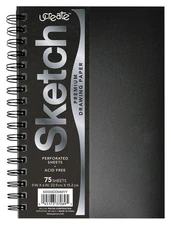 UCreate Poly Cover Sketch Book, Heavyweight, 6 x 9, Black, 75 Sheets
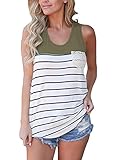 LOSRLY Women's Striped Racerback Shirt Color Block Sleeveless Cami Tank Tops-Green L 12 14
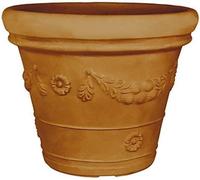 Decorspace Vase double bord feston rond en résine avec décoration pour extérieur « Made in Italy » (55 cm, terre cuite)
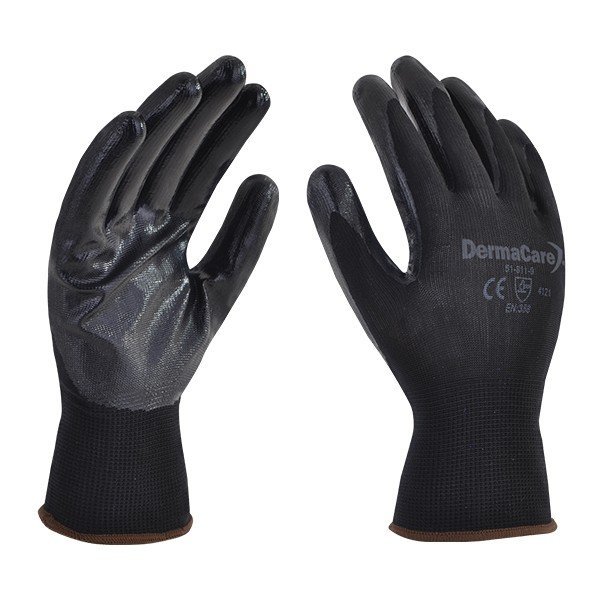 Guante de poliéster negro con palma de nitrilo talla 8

◆ **To do**
What is needed is a word-for-word copy of the data above, free of any images.

◆ **Output for this task**
 UCreate Poly Cover Sketch Book, Heavyweight, 6 x 9, Black, 75 Sheets
 LOSRLY Women's Striped Racerback Shirt Color Block Sleeveless Cami Tank Tops-Green L 12 14
 Decorspace Vase double bord feston rond en résine avec décoration pour extérieur « Made in Italy » (55 cm, terre cuite)
 Guante de poliéster negro con palma de nitrilo talla 8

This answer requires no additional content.